The Glasgow Leaders Declaration on Forests and Land Use, while very much welcomed, is non-binding and there have been such commitments before. For example, the New York Declaration on Forests in 2014. To make it effective there needs to be multi-stakeholder approaches developed on how each country will tackle deforestation with clear targets, linked to other commitments such as those under the UNFCCC. It is also of concern that the pledge does not commit countries to protecting and expanding natural forests, but instead focuses on maintaining forest cover that could be achieved by the expansion of timber plantations instead.
The financial commitment made by the UK needs to safeguarded and well spent. This includes funds being made directly to civil society and local communities on the ground rather than just going to governments and international organisations.
The UK government also needs to commit further to its Forest Governance, Markets and Climate (FGMC) programme that is currently due to end in 2022.
The impacts the UK’s measures will have on producer countries, indigenous peoples and local communities will depend on the level to which the incoming new PM and her government commit to combatting UK’s deforestation footprint, to tackling climate change, to implementing the Leaders’ declaration pledges made at COP26 and the GRI recommendations.
The Environment Act failed to directly recognise the rights protections for indigenous peoples and local communities.
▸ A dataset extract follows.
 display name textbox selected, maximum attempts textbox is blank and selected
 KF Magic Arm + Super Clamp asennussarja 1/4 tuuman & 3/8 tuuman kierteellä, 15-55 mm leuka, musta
As described in question 3 above, it is not always possible to rely on local laws which may not exist, may not be enforced or simply weak. Therefore, most crucially the UK Government must ensure the scope of laws covered by Environment Act schedule 17 includes international human rights including respect for customary land tenure rights and the right to free, prior and informed consent (FPIC).
Additional measures not listed above should also include cross sectoral communication and collaboration to implement effective enforcement. This includes within UK agencies as listed in question 3 above but also with other countries, for instance on sanctions.
For example, EU Member States and the European Commission developed a common position that imports of Myanmar teak cannot comply with the requirements of the EUTR, which was concluded in 201836. EIA has continued to document illegal imports of Myanmar teak into the EU in 201937 and 202038 despite this. In June 2021, the Council of the European Union and the UK government announced a new wave of financial sanctions against the brutal military regime in Myanmar39. Nonetheless timber auctions have continued in Myanmar with teak exported to international markets using hard currency much needed by the Burmese Junta40. It is essential that the UK links financial sanctions such as those imposed on Myanmar with associated deforestation and the well documented human rights abuses.
Such links and cross communication should also extend to include comprehensive financial investigations, i.e. enquiries into whether there has been fraud, sanctions or money laundering breaches as a result of the illegally deforested commodity importation. This would increase greater deterrence for those acting illegally and greater combined enforcement actions means local communities and indigenous peoples are better protected and there is fairer access to markets.